Records to process |

######

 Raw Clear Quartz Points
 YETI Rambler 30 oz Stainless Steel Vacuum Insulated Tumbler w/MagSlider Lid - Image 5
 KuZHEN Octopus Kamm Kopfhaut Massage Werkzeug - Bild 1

######

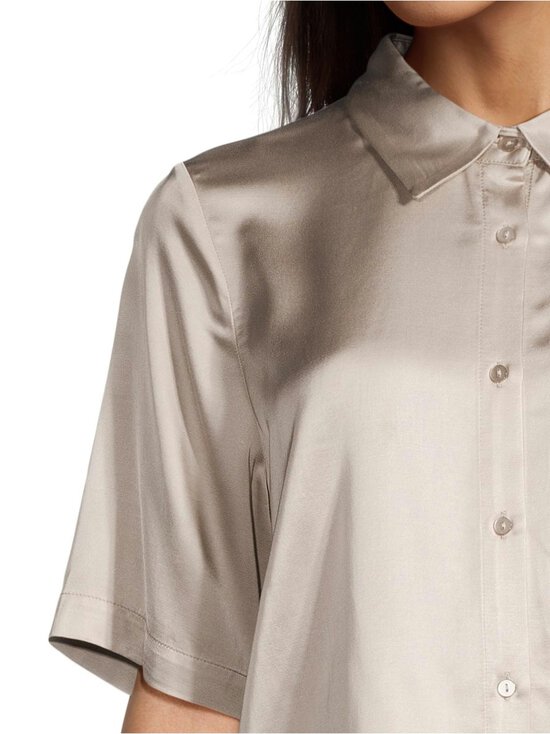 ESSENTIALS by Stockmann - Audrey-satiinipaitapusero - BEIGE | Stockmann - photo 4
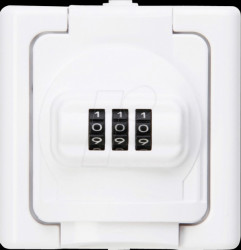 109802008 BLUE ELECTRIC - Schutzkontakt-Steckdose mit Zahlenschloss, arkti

######

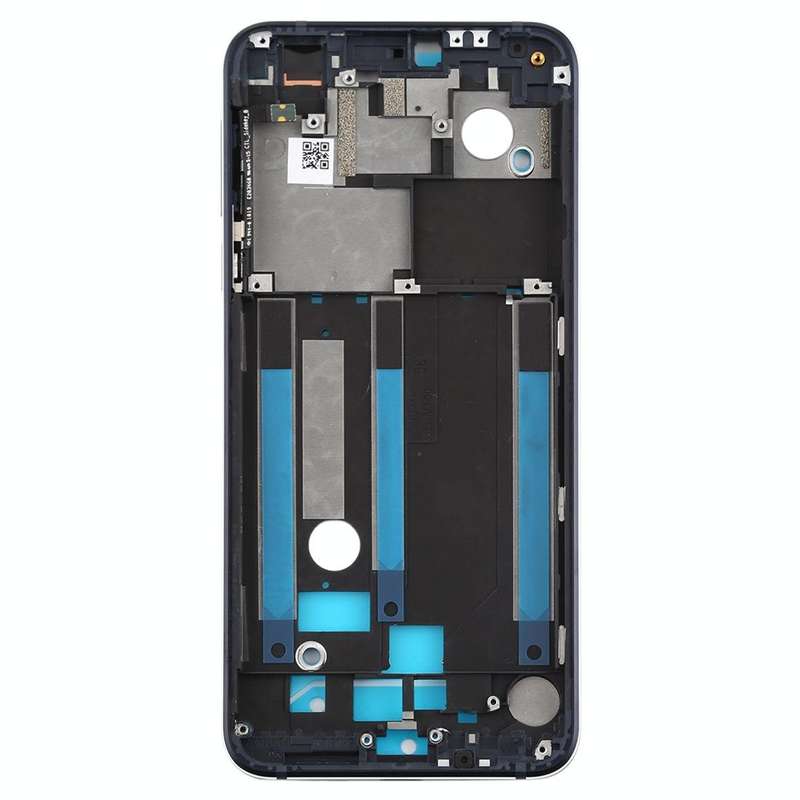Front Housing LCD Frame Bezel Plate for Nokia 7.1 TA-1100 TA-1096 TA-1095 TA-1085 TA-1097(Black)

######

Task directions | From the entries above, print the lines beginning at the one with "Raw Clear Quartz Points" and stopping after the one with "KuZHEN Octopus Kamm", exactly as written and with nothing else.

Task response |
 Raw Clear Quartz Points
 YETI Rambler 30 oz Stainless Steel Vacuum Insulated Tumbler w/MagSlider Lid - Image 5
 KuZHEN Octopus Kamm Kopfhaut Massage Werkzeug - Bild 1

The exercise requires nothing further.